You can find the original notebook here at https://github.com/log0/digit_recognizer_2.

Impact of number of hidden neurons to model performance

This notebook investigates how the number of hidden neurons affect the model performance. We will see that increasing the number of hidden neurons increases the performance of a model using the MNIST dataset.

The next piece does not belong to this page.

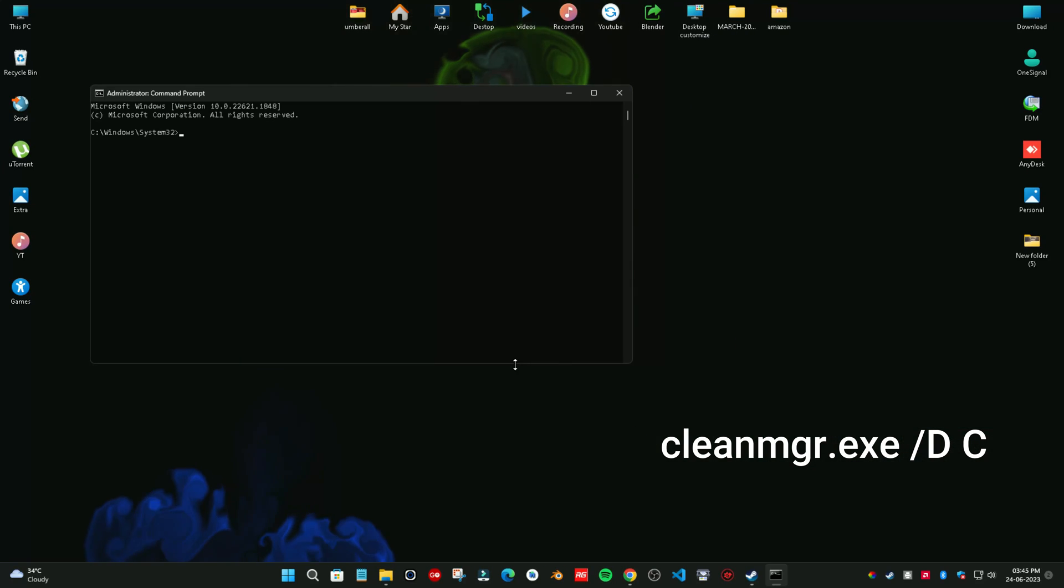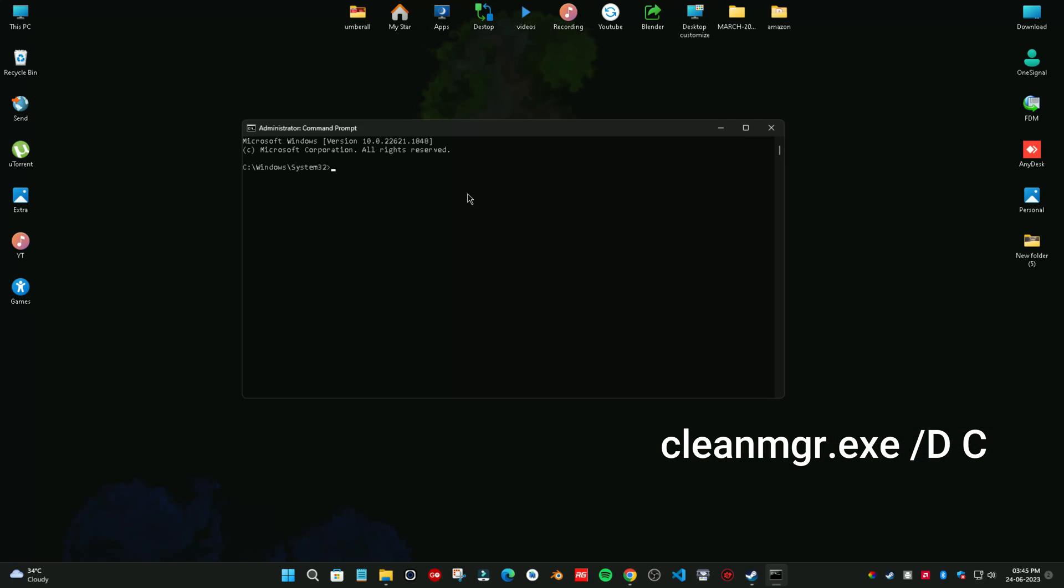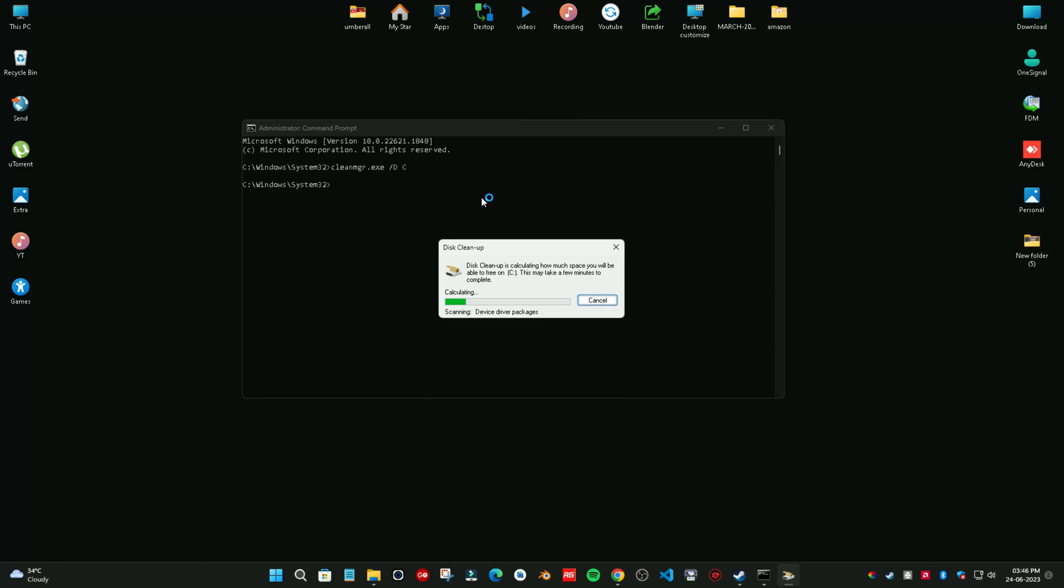Copy and paste this command and click OK. All commands is in the description. Now you can tick the box of your choice you want to clean and click OK.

The MNIST dataset is a common standard dataset used to evaluate machine learning models performance, which is just a task of recognizing digits from 0 to 9.

This notebook has dependencies on Keras, Scikit-Learn and MatPlotLib.

In [30]:
import numpy as np
import matplotlib.pyplot as plt
from mpl_toolkits.mplot3d import Axes3D

%matplotlib inline

from keras.models import Sequential
from keras.layers.core import Dense, Activation, Dropout
from keras.optimizers import SGD, Adam, RMSprop
from sklearn.preprocessing import *
from sklearn.cross_validation import *
from sklearn.metrics import *
In [31]:
TRAIN_FILE = 'data/train.csv'
TEST_FILE = 'data/test.csv'
In [32]:
train_data = np.loadtxt(TRAIN_FILE, skiprows = 1, delimiter = ',', dtype = 'float')
X = train_data[:, 1:]
# Preprocess the data to make features fall between 0 and 1. Neural networks perform a lot better in this way.
X = X/255
raw_Y = train_data[:, ].reshape(-1, 1)
In [33]:
X_test = np.loadtxt(TEST_FILE, skiprows = 1, delimiter = ',', dtype = 'float')
# Preprocess the data to make features fall between 0 and 1. Neural networks perform a lot better in this way.
X_test = X_test/255
In [34]:
X_train, X_cv, raw_Y_train, raw_Y_cv = train_test_split(X, raw_Y, test_size = 0.20)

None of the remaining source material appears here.